━━ RECORDS TO USE

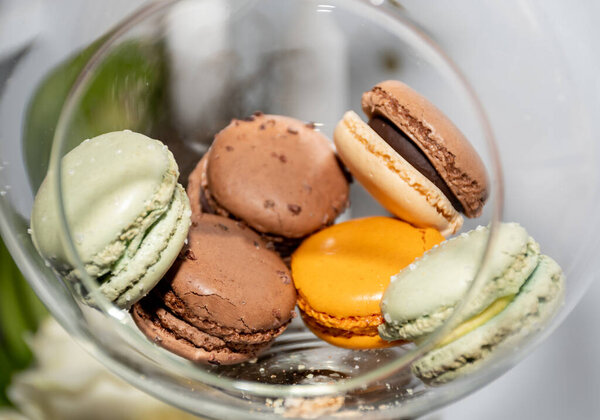 Many different colored macaroons in a festive Christmas transparent globe hanging in a festive decoration during brunch or catering event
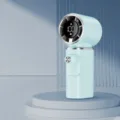 Light blue handheld turbo fan with digital display and 100-speed portable design. - Light Blue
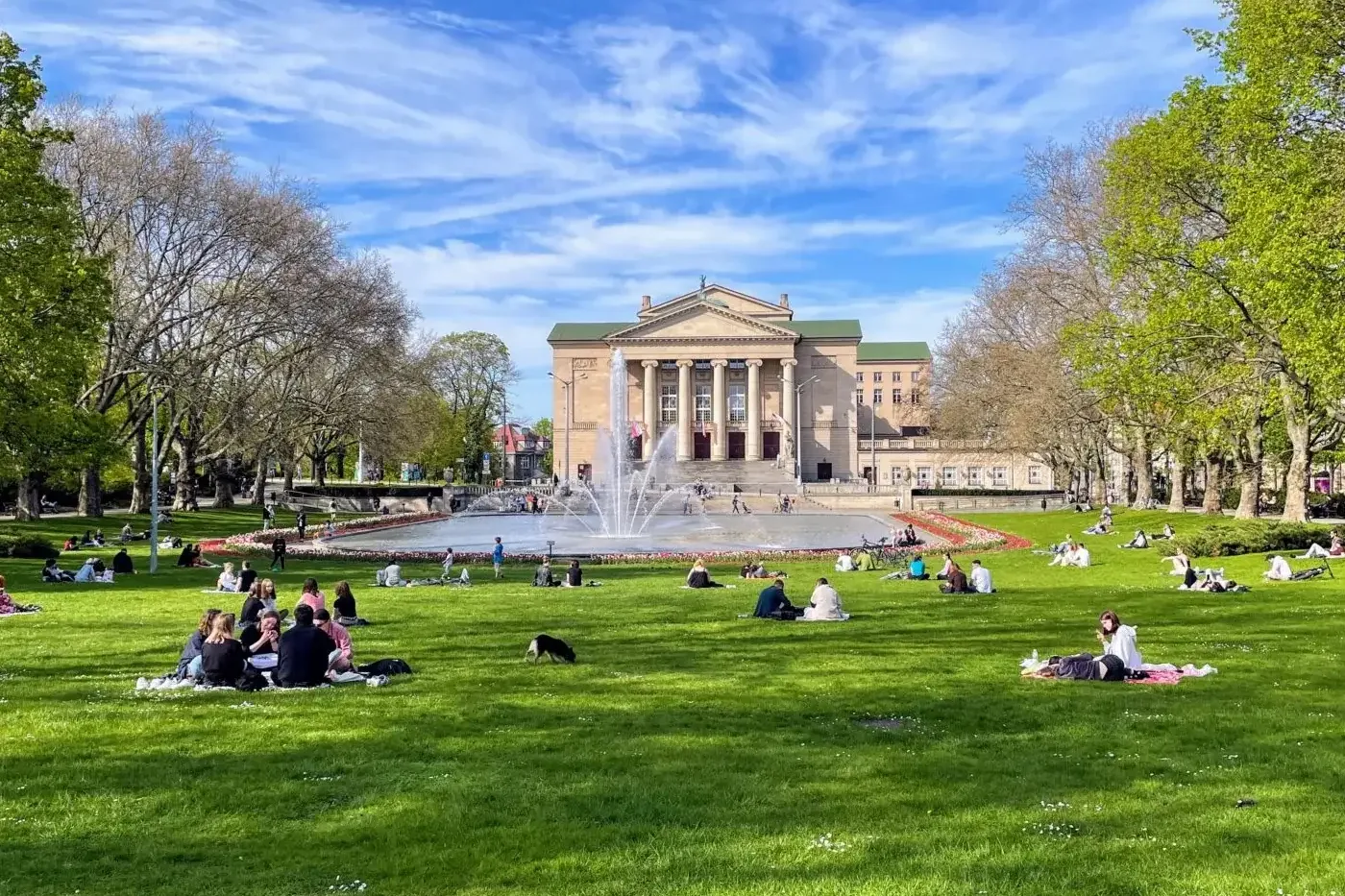 Grand Theatre building, fountain, and people relaxing on green grass in Poznań park on a sunny day.
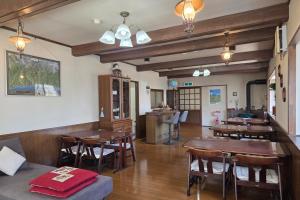 a dining room with wooden tables and chairs at Wolke Lodge in Shinano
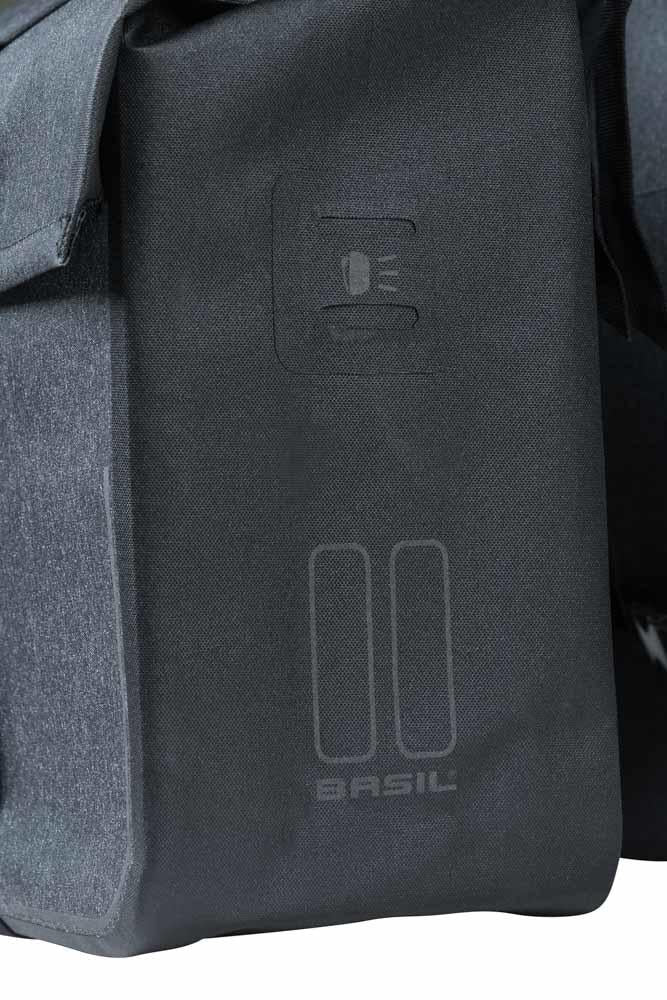 Detailansicht einer anthrazitfarbenen Basil Urban Dry Doppeltasche mit sichtbarem Logo und Reflektor-Symbol.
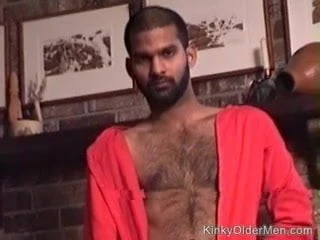 Bearded Hunk In The Red Outfit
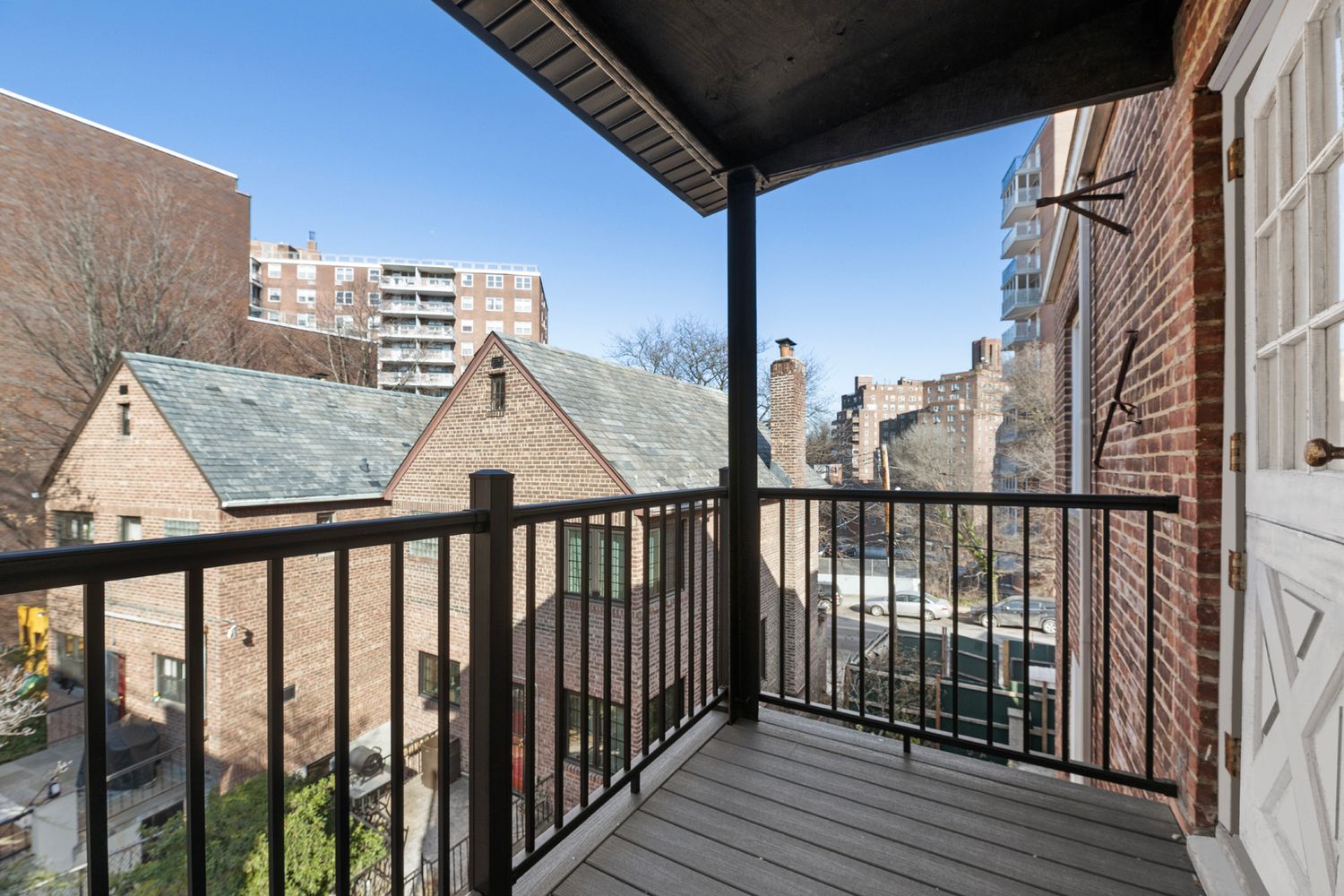 a view of balcony with wooden floor and fence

━━━━

DIRECTIONS: Reproduce the records above from their first line to the line bearing "a dining room", both ends included, leaving every picture out.

RESPONSE:
 Many different colored macaroons in a festive Christmas transparent globe hanging in a festive decoration during brunch or catering event
 Light blue handheld turbo fan with digital display and 100-speed portable design. - Light Blue
 Grand Theatre building, fountain, and people relaxing on green grass in Poznań park on a sunny day.
 a dining room with wooden tables and chairs at Wolke Lodge in Shinano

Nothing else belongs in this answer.